Brownlee calls for judicial review
"For someone who has been frequently judicially reviewed over the last six years, I know how these things can fall and stand." Ilam MP Gerry Brownlee
Ilam MP Gerry Brownlee has waded into a Fendalton funeral home debate calling for a judicial review into the decision that gave it the go ahead.
Independent commissioner Philip Milne approved an application by Bell, Lamb and Trotter to operate a smallscale funeral home from company managing director Andrew Bell’s Fendalton home.
The decision has outraged Rochdale St residents who staged a protest in the street on Saturday.
During the protest Brownlee, New Zealand’s newly appointed Minister of Foreign Affairs, said Milne’s decision was ‘‘the most extraordinary document’’.
‘‘There are a number of points where I think he has failed in his duty that I think merit a judicial review.
‘‘For someone who has been frequently judicially reviewed over the last six years, I know how these things can fall and stand.
‘‘I think this is an exceptional case here.’’
The application was granted under the ‘‘home occupation’’ rules as set out in the Christchurch City Council‘s new district plan.
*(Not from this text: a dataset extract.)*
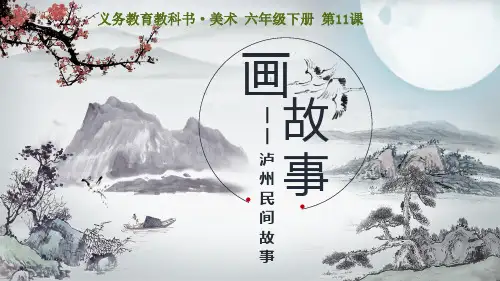 六年级美术下册课件-11画故事24-人美版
The council’s planner declined the consent, but Bell, Lamb and Trotter requested an independent commissioner rule on the issue, which it was able to do under the Resource Management Act.
Brownlee said home occupation was supposed to be someone carrying out their job in their home because that was where they worked from all the time.
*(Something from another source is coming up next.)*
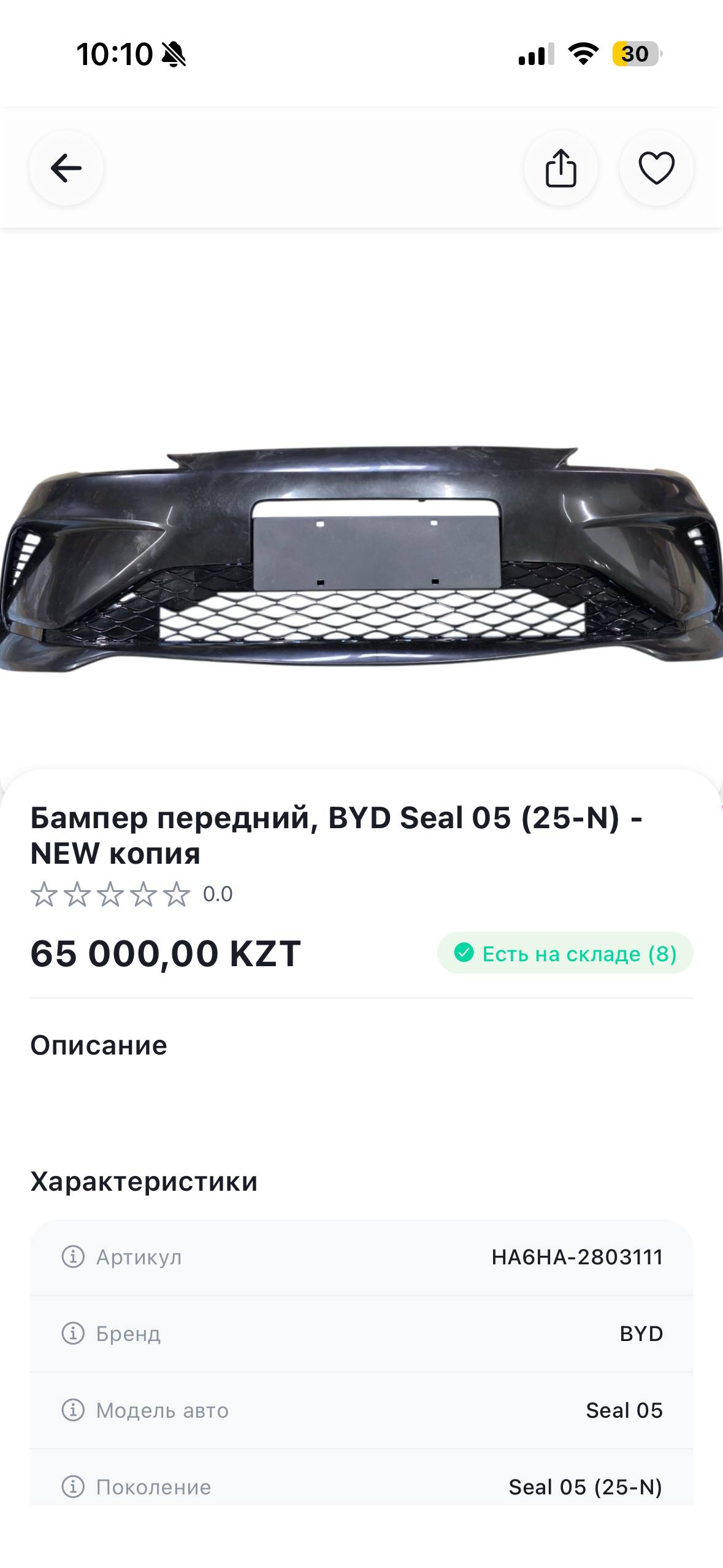 GPEX — карточка товара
‘‘This is a branch office of a reasonably substantial business that operates in other parts of the city.’’
The district plan defines home occupation as ‘‘any occupation ... undertaken within a residential unit by a person who resides permanently in that residential unit’’.
Bell, 31, bought the property in 2015 as his home and would live in it while also using it for small funeral services.
Brownlee said the issue was essentially a local body one, but he was pressuring the council to support a judicial review.
‘‘If your own planning department could not approve this, then why wouldn’t you back them with a judicial review?’’ Brownlee said at the protest.
Waimairi ward councillor Raf Manji, who will challenge Brownlee for the Ilam seat at September’s election, said common sense would dictate that this type of job had not been envisaged under the district plan’s ‘‘home occupation’’ rules.
He said council was exploring what options it had, but it would be unusual, as the consenting authority, for the body to pursue a judicial review.
Bell, who recently acquired the family business that has been operating since 1872, said he had made a number of concessions and changes to the plans to mitigate any potential effects on neighbours.
He had halved the number of services to be held from 52 to 26 a year, but said it would take about four years to get to that level.
Services would be limited to 10 people, including staff, and no mortuary services would happen on site. There would be no traditional hearses at the address, just an unmarked station wagon-style vehicle.
In his decision, Milne said the district plan allowed for home occupation and did not focus on the nature or character of the activities. He said many churches were in residential zones and funeral services happened next door to homes on a daily basis.
Allowing families and friends to have small ‘‘home’’-based intimate services could be seen as providing for the wellbeing of people and communities, Milne said.
Rochdale St resident David Nicholls, who represented about 160 residents against the funeral home, said a legal opinion about seeking a judicial review was being sought, but his first preference was for the council to initiate the review.